# Exercise requirements:
Reproduce, exactly, the lines of the material below from the line containing "430 NW 2nd St, Cohasset, MN 55721" through the line containing "Images Tractor Supply Co.", with both end lines included and nothing else.

====================

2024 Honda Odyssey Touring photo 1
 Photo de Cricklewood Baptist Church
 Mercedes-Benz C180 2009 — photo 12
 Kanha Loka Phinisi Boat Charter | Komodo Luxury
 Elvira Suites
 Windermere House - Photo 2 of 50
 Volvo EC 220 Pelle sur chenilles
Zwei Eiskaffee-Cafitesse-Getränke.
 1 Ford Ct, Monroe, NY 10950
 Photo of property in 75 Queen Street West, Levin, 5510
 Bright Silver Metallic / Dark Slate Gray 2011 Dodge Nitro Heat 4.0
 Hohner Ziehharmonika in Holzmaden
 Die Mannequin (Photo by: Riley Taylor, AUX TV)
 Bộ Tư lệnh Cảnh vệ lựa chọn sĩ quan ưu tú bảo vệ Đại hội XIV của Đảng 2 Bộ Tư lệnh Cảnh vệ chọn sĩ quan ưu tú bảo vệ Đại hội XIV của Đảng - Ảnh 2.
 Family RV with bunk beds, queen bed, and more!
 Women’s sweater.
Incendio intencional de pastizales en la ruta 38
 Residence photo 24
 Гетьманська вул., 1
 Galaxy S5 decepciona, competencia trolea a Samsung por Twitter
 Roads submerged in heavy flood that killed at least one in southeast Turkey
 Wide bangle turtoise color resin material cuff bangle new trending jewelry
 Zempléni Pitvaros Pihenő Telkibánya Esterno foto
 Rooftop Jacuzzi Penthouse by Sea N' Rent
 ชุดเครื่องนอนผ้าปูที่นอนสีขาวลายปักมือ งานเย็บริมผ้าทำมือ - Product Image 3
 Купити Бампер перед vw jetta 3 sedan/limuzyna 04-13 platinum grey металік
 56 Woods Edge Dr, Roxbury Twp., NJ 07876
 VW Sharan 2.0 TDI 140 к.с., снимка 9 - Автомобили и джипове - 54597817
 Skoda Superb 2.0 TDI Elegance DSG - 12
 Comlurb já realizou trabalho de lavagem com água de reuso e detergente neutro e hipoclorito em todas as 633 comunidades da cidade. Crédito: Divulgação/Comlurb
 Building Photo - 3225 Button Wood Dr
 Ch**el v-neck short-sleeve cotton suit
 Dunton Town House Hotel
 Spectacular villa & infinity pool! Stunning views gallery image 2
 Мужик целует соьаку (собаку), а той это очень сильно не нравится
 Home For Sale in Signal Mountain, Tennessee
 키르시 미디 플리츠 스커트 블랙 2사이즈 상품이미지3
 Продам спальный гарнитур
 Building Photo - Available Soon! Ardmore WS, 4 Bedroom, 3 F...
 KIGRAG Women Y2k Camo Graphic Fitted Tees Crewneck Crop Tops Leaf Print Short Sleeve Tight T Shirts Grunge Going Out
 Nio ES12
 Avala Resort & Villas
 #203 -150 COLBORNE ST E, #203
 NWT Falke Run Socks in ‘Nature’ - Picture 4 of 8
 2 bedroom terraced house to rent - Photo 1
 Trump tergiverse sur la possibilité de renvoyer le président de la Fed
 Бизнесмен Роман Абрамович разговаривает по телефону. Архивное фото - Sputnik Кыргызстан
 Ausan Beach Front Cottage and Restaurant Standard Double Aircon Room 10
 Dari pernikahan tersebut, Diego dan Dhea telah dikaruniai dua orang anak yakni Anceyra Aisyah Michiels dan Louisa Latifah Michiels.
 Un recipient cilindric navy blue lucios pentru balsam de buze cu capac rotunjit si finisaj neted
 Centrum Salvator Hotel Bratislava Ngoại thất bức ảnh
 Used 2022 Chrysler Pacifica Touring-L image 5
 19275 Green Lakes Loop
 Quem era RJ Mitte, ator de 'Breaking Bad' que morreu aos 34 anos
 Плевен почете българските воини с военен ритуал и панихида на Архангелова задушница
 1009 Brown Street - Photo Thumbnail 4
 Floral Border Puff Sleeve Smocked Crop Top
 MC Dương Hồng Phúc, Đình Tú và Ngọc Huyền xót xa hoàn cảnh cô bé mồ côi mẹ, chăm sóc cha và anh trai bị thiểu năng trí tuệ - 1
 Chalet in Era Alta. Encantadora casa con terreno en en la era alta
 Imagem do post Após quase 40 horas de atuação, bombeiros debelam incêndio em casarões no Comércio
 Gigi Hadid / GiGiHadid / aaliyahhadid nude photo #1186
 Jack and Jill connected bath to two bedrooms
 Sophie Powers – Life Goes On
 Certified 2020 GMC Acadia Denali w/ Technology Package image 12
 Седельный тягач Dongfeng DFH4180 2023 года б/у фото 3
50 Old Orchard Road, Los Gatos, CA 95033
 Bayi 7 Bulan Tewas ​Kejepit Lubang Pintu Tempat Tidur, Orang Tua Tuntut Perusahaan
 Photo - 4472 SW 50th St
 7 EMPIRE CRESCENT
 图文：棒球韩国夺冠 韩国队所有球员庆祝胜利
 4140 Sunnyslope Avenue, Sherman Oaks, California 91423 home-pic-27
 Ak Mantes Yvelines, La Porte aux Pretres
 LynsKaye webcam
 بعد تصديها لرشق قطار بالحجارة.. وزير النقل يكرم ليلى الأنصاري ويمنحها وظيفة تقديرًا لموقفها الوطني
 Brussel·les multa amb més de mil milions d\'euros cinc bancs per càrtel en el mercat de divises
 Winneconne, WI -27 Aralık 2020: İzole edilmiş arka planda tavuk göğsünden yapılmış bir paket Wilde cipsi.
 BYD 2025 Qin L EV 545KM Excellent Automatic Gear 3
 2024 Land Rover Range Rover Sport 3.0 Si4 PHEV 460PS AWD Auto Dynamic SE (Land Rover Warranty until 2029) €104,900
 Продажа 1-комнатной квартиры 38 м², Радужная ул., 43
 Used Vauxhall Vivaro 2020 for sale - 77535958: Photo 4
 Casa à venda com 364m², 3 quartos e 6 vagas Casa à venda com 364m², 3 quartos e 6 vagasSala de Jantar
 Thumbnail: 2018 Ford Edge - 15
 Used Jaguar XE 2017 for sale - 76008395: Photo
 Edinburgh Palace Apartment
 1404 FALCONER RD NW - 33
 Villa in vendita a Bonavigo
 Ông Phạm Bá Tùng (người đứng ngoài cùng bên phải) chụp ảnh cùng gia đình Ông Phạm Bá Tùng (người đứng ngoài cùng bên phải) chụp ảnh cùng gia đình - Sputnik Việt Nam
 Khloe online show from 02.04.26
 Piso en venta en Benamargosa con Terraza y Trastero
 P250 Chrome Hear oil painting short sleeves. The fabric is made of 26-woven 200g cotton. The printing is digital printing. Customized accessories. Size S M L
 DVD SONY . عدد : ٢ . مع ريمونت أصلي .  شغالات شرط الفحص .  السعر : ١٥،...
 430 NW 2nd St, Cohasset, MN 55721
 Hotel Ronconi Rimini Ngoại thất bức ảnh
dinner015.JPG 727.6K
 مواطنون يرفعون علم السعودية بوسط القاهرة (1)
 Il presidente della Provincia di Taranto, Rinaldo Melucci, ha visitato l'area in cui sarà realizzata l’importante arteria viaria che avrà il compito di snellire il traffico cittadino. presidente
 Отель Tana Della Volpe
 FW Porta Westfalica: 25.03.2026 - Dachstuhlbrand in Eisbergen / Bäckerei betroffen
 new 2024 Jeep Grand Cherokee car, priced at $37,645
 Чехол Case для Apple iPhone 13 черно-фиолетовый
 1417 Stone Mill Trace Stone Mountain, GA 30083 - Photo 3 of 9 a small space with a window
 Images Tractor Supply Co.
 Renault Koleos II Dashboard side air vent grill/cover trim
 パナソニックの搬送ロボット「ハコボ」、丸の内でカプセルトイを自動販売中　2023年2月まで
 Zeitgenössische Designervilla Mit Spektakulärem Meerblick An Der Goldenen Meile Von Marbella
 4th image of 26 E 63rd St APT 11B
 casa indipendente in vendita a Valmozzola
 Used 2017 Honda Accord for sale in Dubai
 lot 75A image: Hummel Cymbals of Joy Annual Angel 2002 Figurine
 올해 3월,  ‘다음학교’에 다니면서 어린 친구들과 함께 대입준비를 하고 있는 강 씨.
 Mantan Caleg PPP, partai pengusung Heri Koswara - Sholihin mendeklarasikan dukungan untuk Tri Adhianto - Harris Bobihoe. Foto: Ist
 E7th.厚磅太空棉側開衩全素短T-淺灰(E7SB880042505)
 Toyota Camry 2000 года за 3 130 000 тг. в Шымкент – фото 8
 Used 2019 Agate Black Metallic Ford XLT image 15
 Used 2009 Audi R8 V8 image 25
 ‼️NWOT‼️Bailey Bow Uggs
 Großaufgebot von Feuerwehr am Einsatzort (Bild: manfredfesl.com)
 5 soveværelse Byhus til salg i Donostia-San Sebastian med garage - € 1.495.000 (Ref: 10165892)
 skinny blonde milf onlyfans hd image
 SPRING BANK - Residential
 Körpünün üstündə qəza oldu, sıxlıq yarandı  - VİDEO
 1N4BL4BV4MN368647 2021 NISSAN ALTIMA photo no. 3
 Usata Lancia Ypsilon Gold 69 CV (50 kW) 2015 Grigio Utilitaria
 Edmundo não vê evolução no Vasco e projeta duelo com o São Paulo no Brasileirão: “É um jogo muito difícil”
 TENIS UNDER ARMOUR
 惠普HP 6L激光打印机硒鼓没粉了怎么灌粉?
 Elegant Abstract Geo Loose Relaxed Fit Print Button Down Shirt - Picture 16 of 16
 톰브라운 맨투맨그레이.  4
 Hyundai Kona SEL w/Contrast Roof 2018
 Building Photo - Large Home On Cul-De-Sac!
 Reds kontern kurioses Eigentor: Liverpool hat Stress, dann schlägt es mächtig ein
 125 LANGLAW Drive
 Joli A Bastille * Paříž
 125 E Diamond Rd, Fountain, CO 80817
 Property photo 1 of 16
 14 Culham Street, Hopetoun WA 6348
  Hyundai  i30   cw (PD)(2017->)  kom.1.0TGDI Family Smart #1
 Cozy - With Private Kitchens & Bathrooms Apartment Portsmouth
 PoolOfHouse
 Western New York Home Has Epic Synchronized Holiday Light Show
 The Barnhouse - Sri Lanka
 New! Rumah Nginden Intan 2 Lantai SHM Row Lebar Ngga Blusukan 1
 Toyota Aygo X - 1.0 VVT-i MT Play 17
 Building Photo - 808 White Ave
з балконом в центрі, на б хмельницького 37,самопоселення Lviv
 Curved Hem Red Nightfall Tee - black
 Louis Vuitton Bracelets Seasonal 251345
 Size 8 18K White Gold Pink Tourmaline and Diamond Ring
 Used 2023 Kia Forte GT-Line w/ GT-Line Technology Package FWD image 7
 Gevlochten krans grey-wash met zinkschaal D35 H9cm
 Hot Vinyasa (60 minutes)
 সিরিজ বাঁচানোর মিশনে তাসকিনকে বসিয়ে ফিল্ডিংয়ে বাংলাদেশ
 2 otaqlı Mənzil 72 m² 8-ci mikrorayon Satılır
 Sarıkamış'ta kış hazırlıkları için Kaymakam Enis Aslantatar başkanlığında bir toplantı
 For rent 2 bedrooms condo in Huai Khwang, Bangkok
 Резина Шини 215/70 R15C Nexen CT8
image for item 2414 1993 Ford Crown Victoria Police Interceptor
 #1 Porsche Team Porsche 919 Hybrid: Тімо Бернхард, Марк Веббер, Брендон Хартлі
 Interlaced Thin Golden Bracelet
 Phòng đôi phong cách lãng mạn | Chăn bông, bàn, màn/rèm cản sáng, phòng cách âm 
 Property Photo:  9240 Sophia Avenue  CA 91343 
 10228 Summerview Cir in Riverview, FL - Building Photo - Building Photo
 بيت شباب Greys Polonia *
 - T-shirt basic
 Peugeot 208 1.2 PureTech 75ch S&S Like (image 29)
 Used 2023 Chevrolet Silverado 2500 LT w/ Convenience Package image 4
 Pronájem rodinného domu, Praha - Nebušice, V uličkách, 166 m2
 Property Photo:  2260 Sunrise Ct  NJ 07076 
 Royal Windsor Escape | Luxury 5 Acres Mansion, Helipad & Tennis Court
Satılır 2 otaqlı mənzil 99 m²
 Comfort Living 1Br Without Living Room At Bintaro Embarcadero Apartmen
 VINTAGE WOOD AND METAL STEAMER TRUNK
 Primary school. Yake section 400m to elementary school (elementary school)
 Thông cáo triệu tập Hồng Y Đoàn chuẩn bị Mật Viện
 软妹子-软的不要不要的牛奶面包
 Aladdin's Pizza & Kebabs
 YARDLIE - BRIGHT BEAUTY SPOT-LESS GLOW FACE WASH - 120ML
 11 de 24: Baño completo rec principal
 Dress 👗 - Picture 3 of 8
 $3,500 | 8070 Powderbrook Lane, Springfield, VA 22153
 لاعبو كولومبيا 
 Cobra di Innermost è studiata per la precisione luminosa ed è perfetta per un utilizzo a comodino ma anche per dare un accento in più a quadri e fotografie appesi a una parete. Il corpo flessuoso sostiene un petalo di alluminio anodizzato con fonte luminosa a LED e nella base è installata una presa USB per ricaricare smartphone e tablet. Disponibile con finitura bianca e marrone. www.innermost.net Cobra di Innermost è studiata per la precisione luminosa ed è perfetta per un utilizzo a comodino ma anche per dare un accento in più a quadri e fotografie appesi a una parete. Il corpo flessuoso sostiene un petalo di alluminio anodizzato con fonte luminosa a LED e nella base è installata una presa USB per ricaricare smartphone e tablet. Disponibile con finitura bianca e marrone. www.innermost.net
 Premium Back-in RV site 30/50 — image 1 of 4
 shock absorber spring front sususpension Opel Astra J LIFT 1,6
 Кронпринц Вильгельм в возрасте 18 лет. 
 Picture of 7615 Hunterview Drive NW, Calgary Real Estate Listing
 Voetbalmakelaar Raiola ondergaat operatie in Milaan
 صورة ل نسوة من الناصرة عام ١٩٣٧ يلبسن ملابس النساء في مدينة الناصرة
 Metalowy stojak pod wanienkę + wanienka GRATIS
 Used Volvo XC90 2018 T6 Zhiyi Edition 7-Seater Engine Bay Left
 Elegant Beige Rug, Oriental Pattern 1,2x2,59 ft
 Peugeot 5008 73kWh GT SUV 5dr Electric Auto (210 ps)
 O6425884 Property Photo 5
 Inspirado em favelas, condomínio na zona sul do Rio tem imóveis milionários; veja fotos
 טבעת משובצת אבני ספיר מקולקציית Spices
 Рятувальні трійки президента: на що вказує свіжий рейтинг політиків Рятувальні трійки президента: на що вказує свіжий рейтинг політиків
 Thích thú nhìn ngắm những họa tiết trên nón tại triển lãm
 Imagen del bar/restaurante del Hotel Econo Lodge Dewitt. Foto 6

====================

# Answer space:
 430 NW 2nd St, Cohasset, MN 55721
 Hotel Ronconi Rimini Ngoại thất bức ảnh
dinner015.JPG 727.6K
 مواطنون يرفعون علم السعودية بوسط القاهرة (1)
 Il presidente della Provincia di Taranto, Rinaldo Melucci, ha visitato l'area in cui sarà realizzata l’importante arteria viaria che avrà il compito di snellire il traffico cittadino. presidente
 Отель Tana Della Volpe
 FW Porta Westfalica: 25.03.2026 - Dachstuhlbrand in Eisbergen / Bäckerei betroffen
 new 2024 Jeep Grand Cherokee car, priced at $37,645
 Чехол Case для Apple iPhone 13 черно-фиолетовый
 1417 Stone Mill Trace Stone Mountain, GA 30083 - Photo 3 of 9 a small space with a window
 Images Tractor Supply Co.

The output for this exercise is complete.